Rien ne s'oppose à la nuit

Auteur : Delphine de Vigan

Éditeur : Jean Claude Lattès

Année : 17 août 2011

Il est des livres qui vous prennent par la main dès la première ligne, et l’on sait définitivement qu’ils ne vous lâcheront jamais. Le récit de Delphine de Vigan appartient à cette catégorie, même et surtout s’il contient des passages poignants, difficiles à lire parce qu’ils reflètent trop bien la douleur qui a présidé à leur élaboration.
J’avais beaucoup admiré l’écriture de l’auteure en découvrant No et moi, roman social qui a connu un réel succès public. Un récit en apparence léger mais en réalité profond et complexe. Naturellement je m’étais promis de m’intéresser à cette écrivaine douée. Quand est sorti Rien ne s’oppose à la nuit peu après, je me suis réjouie et j’ai conservé cette nouveauté pour un moment où je pourrais à loisir m’en repaître. Mais le livre achevé depuis près de trois semaines, je tarde à y revenir comme s’il s’agissait d’exhumer mes propres douleurs, mes désillusions intimes. Ne vous y trompez pas, le récit de l’auteur reste son histoire, ou plutôt celle de sa mère, déroulée de la petite enfance jusqu’à la découverte de son corps, quelques jours après son décès solitaire. Entre-temps, avec une délicatesse et une pudeur étonnantes si l’on considère le sujet, Delphine de Vigan a retracé le parcours d’une famille insolite et ordinaire à la fois, une famille où le bonheur devrait aller de soi, et dont on s’étonne qu’elle soit le théâtre de tant de coups du sort…

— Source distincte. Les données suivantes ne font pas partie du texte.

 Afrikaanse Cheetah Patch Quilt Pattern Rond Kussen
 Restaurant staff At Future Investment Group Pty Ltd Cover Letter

« Pendant des années, j’avais eu honte de ma mère devant les autres, et j’avais eu honte d’avoir honte. Pendant des années, j’avais tenté de fabriquer mes propres gestes, ma propre démarche, de m’éloigner du spectre qu’elle représentait à mes yeux… » confesse Delphine de Vigan quand elle parvient à la dernière partie du long parcours en hôpital psychiatrique de sa mère. Et pourtant, ce sont des mots d’amour qui lui viennent quand elle entame ce récit pour extirper des mythes familiaux la personne singulière qu’a été sa mère.

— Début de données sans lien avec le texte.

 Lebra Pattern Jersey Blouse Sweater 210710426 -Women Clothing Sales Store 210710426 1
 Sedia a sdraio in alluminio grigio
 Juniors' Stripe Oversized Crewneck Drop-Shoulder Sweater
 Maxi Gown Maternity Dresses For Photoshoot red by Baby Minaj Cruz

« Je ne sais plus quand est venue l’idée d’écrire sur ma mère, autour d’elle, ou à partir d’elle, je sais combien j’ai refusé cette idée, je l’ai tenue à distance, le plus longtemps possible (…) J’ai chassé les phrases qui me venaient au petit matin ou au détour d’un souvenir, autant de début de romans sous toutes les formes possibles dont je ne voulais pas entendre le premier mot, j’ai établi la liste des obstacles qui ne manqueraient pas de se présenter à moi et des risques non mesurables que j’encourais à entreprendre un tel chantier.
Ma mère constituait un champ trop vaste, trop sombre, trop désespéré… »

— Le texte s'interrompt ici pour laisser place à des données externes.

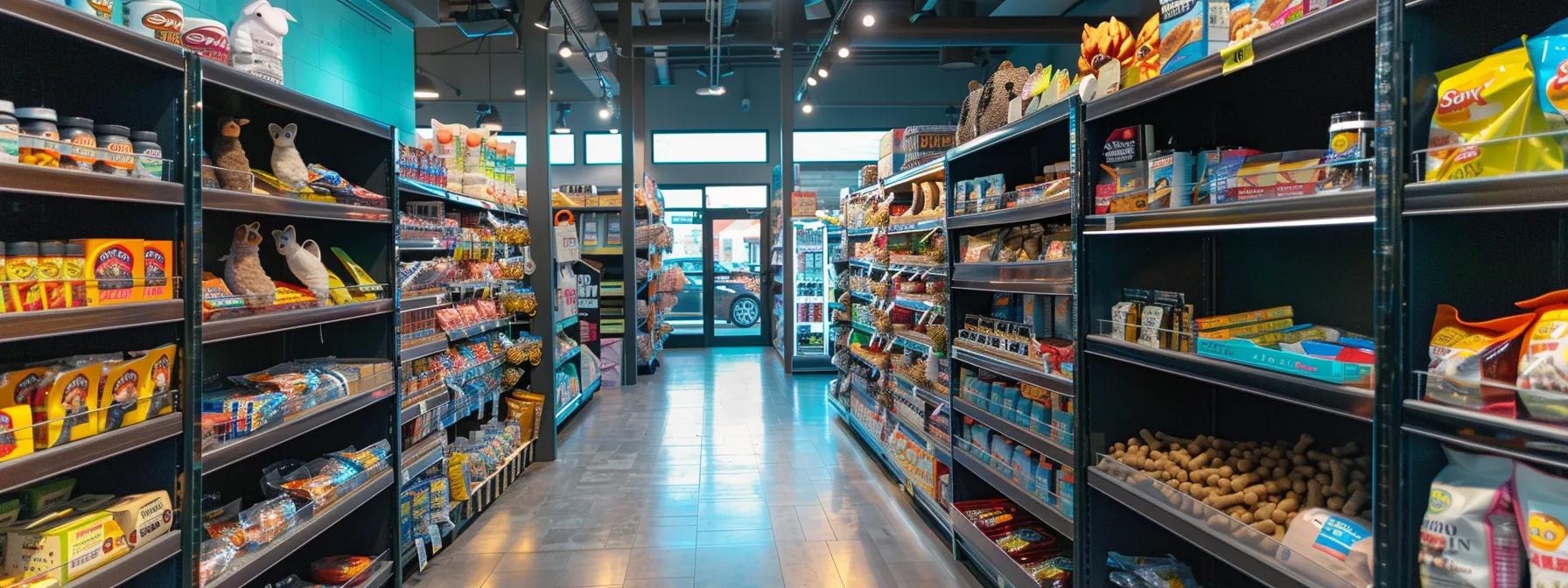 a well-lit, modern pet store aisle showcases a variety of dental chews and chew toys prominently displayed on sleek shelves, highlighting the diverse options available for discerning dog owners to choose from. a well-lit, modern pet store aisle showcases a variety of dental chews and chew toys prominently displayed on sleek shelves, highlighting the diverse options available for discerning dog owners to choose from.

Ce décès volontaire et organisé clôt en effet la vie d’une femme bipolaire, une fée de lumière habitée par un ogre ravageur qui la détruit de l’intérieur, l’isolant sous les camisoles chimiques, la soustrayant à la tendresse et à l’amour avec une ténacité qui n’a d’égale que sa volonté de le combattre. Pour tenter de mettre à jour cette lutte et comprendre les mille détours de sa raison, pour renouer avec sa mère un lien capital, Delphine de Vigan reprend le cours de sa vie, depuis la petite enfance de Lucile, seconde fille d’une fratrie de 9 enfants, dont Liane la mère représente l’élément vital et fantaisiste, tandis que Georges le père, figure tutélaire du patriarche, faisant régner alternativement séduction et terreur, finit par apparaître plus sclérosant qu’épanouissant.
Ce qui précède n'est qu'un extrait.